Out of all the relievers on the near-daily Scranton/Wilkes-Barre RailRiders shuttle, Pinder threw the most innings in the big leagues in 2015 (27.2 innings) and was arguably the most effective, striking out 25 and pitching to a 2.93 ERA. Across his 158 career minor league games, Pinder does actually have nine starts under his belt, though all nine were in A-ball and none came after the 2014 season. Still, even though Pinder would not be an option to start like Warren used to be, he has shown the ability to work multiple innings in the middle of games, which is very valuable.
Despite running out of gas in the final month of 2015, Shreve showed a lot of potential during his rookie campaign. The lefty showed he had the ability to throw multiple innings when needed (remember that 19 inning game against the Boston Red Sox in April? Shreve entered in the 12th inning and tossed 3.1 innings of scoreless baseball, striking out 4 along the way). However, just because he could throw multiple innings does not mean that he did very often. Before he becomes a multi-inning reliever, Shreve will have to prove that his ugly month of September was just fatigue from a long season and not a true sign of the league catching up to him.

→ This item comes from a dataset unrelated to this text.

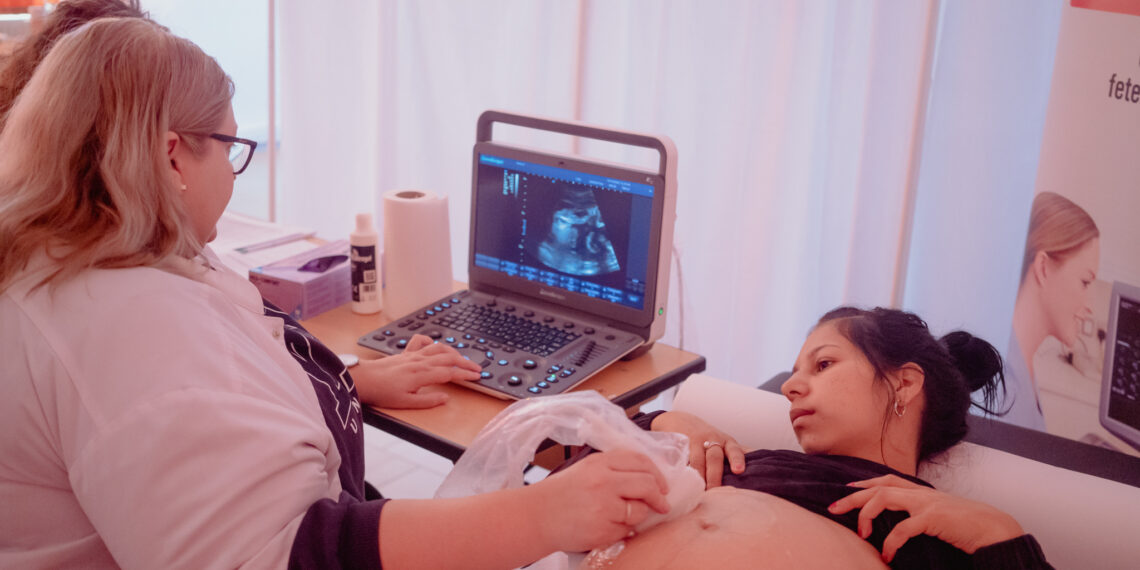 Sarcina la vârste fragede – risc major pentru mamă și copil. Salvați Copiii cere sprijinul companiilor pentru dotarea maternităților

Part of the Yankees' revolving last-man-out-of-the-bullpen door, Rumbelow made 17 appearances out the bullpen in his rookie season, pitching to 4.02 ERA in 15.2 innings (he struck out 15 while walking 5). In the minors, Rumbelow was not simply a one-inning reliever, as evidenced by his 134 innings of work in 100 career minor league games, including 52.2 innings in 37 games during his time in the minors in 2015. If Rumbelow heads north with the team to begin the season, Rumbelow will likely be used for one-inning in his appearances as Joe Girardi evaluates and decides who he can rely on.